Forum Discussion
Your AC may run at 10.5 amps, but the compressor likely “starts-up” at much more than that. You possibly don’t have enough “oomph” for a long enough duration to fully start that compressor and get it running; especially if you have any other loads on those batteries at the time of start-up.
Thanks for the reply, but that's not the issue. The AC will start and run for a few seconds, so it's getting past the startup load. It's that it won't keep running because the battery voltage drops so low -- even though 430 amp hours should be (in my opinion) plenty sufficient to run the A/C for awhile -- even longer with 40 amps of solar dumping into the batteries at the same time.

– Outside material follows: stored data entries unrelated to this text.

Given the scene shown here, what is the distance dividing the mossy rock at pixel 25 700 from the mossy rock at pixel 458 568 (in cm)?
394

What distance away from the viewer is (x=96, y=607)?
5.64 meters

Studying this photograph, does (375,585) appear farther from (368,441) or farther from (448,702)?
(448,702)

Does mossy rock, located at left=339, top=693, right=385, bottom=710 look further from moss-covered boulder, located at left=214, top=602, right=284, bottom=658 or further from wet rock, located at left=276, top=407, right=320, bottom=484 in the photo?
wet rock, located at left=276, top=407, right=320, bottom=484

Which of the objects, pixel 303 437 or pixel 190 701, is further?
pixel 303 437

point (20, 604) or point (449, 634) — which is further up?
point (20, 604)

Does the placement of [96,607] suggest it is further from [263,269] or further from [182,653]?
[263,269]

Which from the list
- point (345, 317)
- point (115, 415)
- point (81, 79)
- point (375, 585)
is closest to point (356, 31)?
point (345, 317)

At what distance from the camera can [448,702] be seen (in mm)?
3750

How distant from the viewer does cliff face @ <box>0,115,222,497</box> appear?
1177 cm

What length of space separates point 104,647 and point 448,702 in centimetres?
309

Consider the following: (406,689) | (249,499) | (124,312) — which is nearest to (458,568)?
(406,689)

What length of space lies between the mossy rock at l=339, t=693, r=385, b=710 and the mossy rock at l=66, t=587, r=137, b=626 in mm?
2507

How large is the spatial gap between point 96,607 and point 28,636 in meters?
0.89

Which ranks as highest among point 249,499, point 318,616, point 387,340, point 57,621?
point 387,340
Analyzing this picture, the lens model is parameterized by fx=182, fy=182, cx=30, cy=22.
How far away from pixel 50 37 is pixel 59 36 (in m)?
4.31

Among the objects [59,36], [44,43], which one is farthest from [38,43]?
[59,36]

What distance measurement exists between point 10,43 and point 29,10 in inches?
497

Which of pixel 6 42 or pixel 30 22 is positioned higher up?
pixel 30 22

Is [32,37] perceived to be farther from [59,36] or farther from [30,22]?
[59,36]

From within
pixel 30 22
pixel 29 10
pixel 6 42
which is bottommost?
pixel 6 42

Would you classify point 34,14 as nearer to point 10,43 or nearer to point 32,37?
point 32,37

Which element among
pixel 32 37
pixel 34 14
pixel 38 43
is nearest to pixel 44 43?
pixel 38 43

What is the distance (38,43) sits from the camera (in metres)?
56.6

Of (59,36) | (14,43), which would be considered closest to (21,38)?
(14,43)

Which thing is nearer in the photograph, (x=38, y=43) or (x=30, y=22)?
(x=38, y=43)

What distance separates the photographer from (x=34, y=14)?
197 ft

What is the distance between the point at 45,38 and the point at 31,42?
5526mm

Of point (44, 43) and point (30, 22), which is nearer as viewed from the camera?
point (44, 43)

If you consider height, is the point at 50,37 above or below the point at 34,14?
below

- MNtundraRetJul 20, 2024Navigator
captdaveo wrote:Thanks for the reply, but that's not the issue. The AC will start and run for a few seconds, so it's getting past the startup load. It's that it won't keep running because the battery voltage drops so low -- even though 430 amp hours should be (in my opinion) plenty sufficient to run the A/C for awhile -- even longer with 40 amps of solar dumping into the batteries at the same time.

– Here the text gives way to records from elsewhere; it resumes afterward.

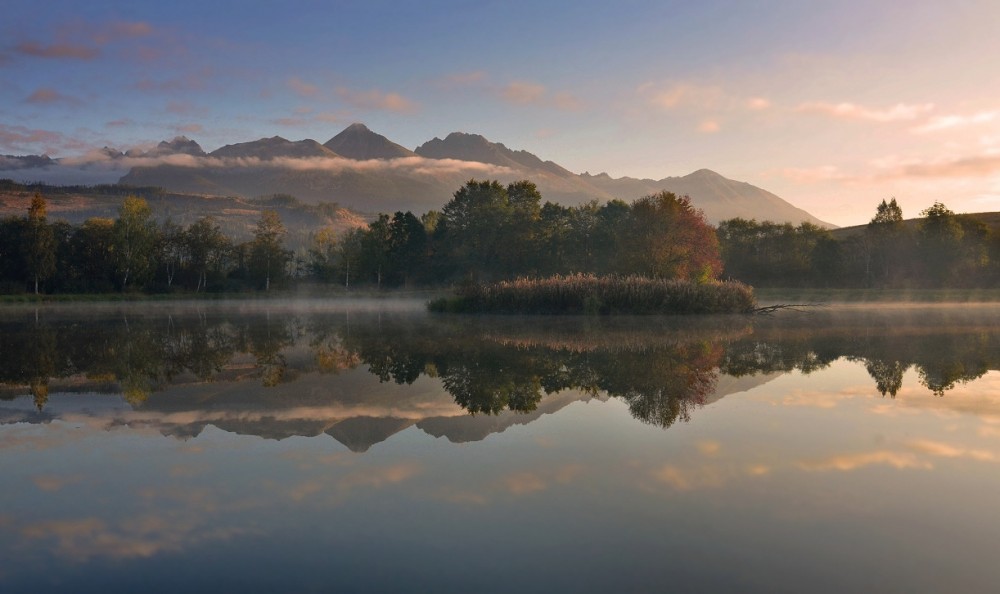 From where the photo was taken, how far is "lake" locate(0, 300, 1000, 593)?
4641mm

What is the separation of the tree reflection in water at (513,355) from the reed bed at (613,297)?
5.16 meters

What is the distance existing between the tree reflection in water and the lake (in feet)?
0.59

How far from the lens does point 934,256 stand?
243ft

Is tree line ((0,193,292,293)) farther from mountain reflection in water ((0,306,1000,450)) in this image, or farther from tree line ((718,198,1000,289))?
tree line ((718,198,1000,289))

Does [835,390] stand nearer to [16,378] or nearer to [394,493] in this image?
[394,493]

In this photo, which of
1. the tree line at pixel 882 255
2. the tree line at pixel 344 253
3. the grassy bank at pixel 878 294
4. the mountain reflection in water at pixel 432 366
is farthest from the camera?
the tree line at pixel 882 255

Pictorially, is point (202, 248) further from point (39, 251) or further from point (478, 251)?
point (478, 251)

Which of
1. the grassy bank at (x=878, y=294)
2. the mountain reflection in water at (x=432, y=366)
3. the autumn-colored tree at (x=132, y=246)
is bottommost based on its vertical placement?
the mountain reflection in water at (x=432, y=366)

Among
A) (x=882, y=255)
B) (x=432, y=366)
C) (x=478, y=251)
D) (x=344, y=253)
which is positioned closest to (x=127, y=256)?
(x=344, y=253)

The first reply was correct. The fact it quit after a few seconds shows the batteries voltage output dropped to far to keep it running.

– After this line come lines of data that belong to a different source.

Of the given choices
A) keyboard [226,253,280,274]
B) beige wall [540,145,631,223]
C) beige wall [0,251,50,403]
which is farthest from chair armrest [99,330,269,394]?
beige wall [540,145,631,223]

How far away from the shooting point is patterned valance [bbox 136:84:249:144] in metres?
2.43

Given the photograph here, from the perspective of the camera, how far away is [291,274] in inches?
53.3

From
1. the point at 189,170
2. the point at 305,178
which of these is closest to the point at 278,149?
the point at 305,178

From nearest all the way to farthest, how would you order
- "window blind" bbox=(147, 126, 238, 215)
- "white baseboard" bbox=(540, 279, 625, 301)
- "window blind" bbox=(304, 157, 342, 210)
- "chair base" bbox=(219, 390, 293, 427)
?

- valhalla360Jul 20, 2024Navigator
Are you sure it's starting? A lot of air/con units will start the fan then a few seconds later, start the compressor. Most of the noise you hear is the fan and it's hard to hear the compressor kick on. That would align with it overloading a few seconds after it starts.
Alternatively, did you actually measure the amp draw? If it's actually drawing 12-14amp, that might be stressing the inverter. 2000w rating may be the peak, not continuous rating. Exceeding the continuous rating often has a slow breaker that takes a few seconds before it goes.